Outside London, the incentive to do this may be no greater than in Shropshire, where, as any good Salopian knows, Much Wenlock was the birthplace of the modern Olympic Games.
The purpose of the Act is to protect official sponsors who are paying many millions of pounds to be associated with the 2012 Games. Businesses which are not official sponsors must therefore be careful not to create an association with the Games. This will be a question of fact in each case, but guidance has been provided by the creation of two lists which a court may take into account when considering whether the Act has been breached [see panel].
If a word from List 1 is used in a business context together with another word from List 1 or any List 2 words, it is likely to infringe and therefore breach the Act. Any combination of words or images that creates the likelihood of consumers associating the product with the Games will be infringing the Act.
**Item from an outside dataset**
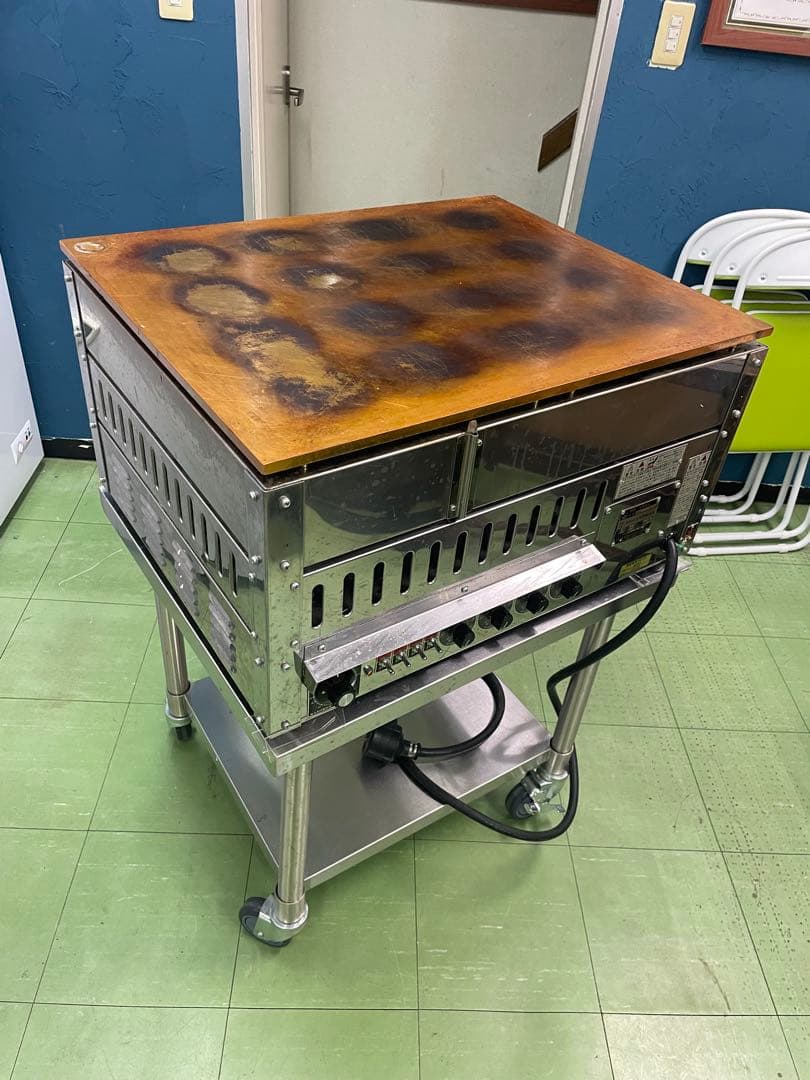 大和田製作所OWD-0401 スーパー電子火床どら焼き他銅板グリドル2018年製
For example, a car dealership’s advertisement which stated “Celebrate Summer 2012 with our Gold Medal deals” will infringe the Act if used without the authorisation of the London Organising Committee of the Olympic Games (LOCOG).
LOCOG is taking this approach to emphasise the importance of sponsorship to the Games’ funding and the issue of protecting sponsors’ brands. The Act may result in many businesses not being able to benefit from the Games at all.
Although income will be generated for the Games through big business sponsorship, the economy as a whole may lose revenue as a result of lost advertising and merchandising opportunities. Many UK businesses will almost certainly ignore or even flout the legislation. Many will be extremely creative in their attempts to outwit the severe restrictions – although this may result in them breaking the law.